-- Exercise brief --
The entries are to be given back verbatim; no picture is to be copied.

-- Material to process follows --

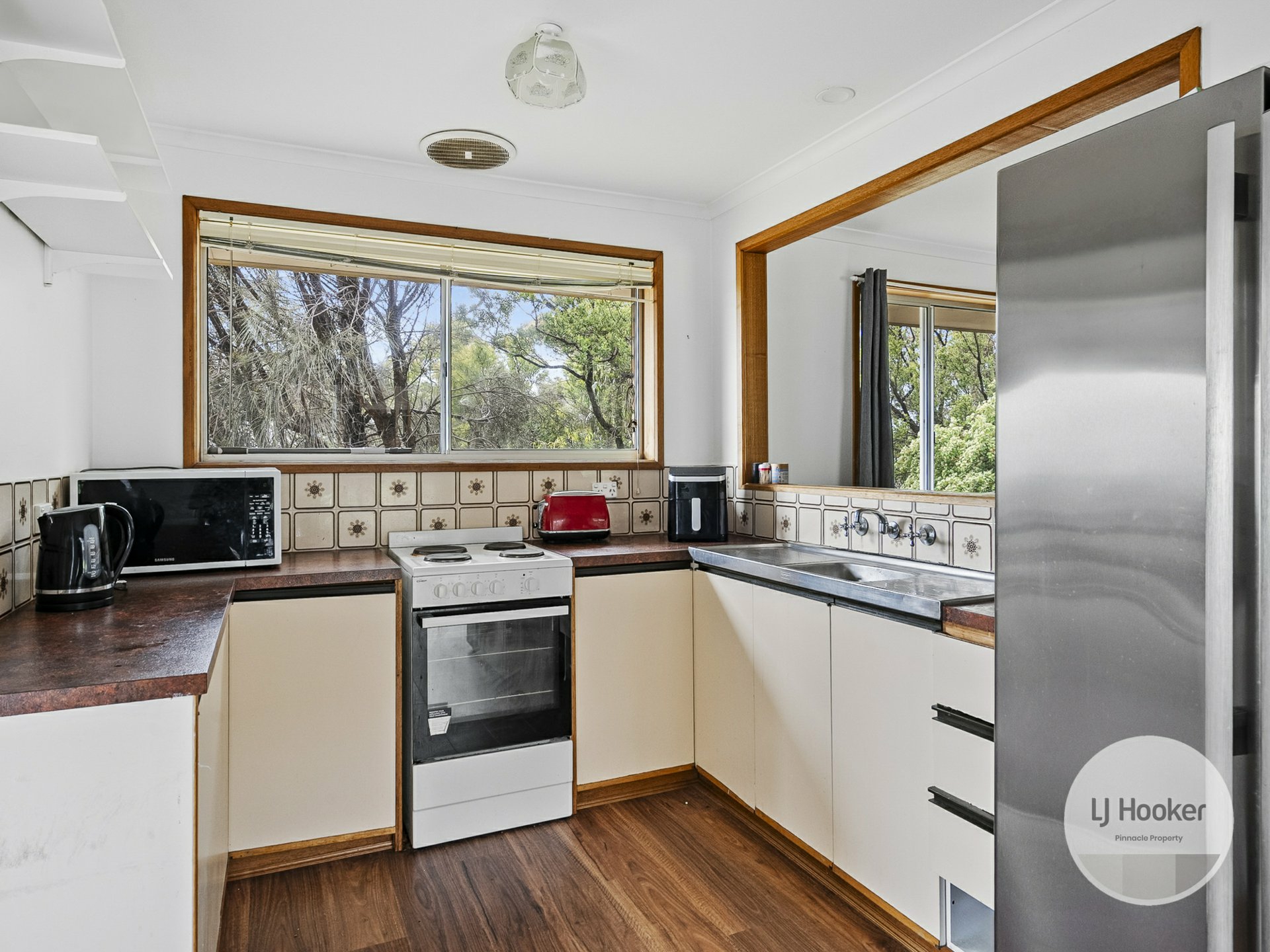 14 Lachlan Drive, MOUNT NELSON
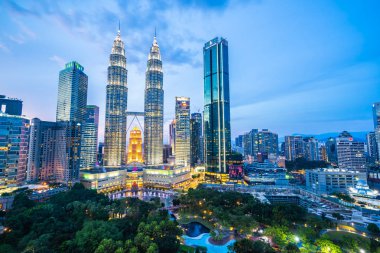 Geceleri dış kuala lumpur manzarası şehirde bina güzel mimari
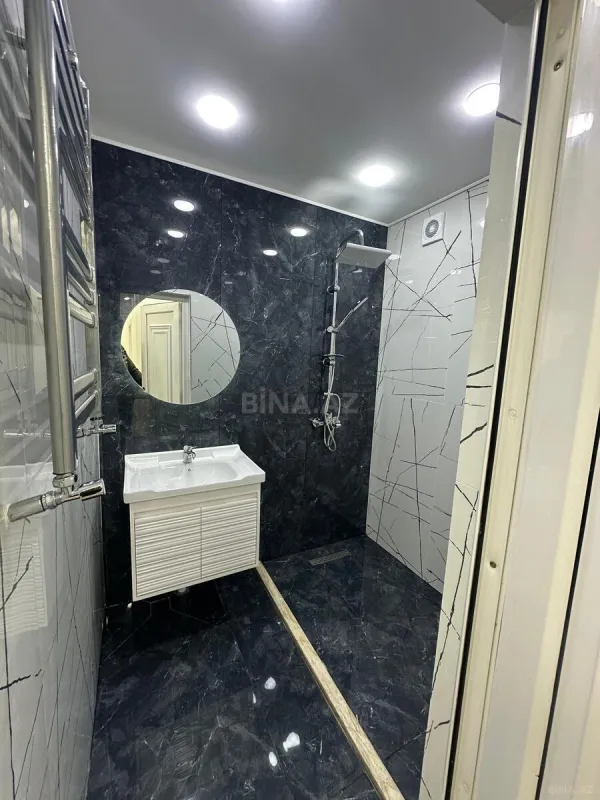 Satılır 2 otaqlı mənzil 65 m²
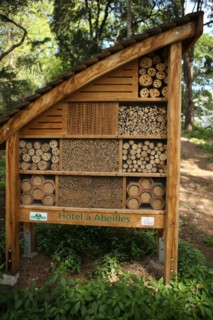 France, ile de france, paris 5e arrondissement, jardin des plantes, hotel a abeilles.
Date : 2011-2012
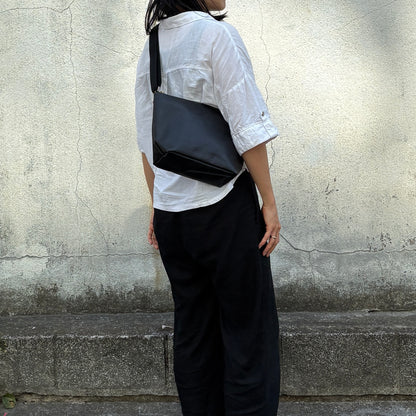 「軽くて拭ける」Coated PVC（POCHETTE M) Camouflage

-- Material to process concluded --

-- Output --
 14 Lachlan Drive, MOUNT NELSON
 Geceleri dış kuala lumpur manzarası şehirde bina güzel mimari
 Satılır 2 otaqlı mənzil 65 m²
 France, ile de france, paris 5e arrondissement, jardin des plantes, hotel a abeilles.
Date : 2011-2012
 「軽くて拭ける」Coated PVC（POCHETTE M) Camouflage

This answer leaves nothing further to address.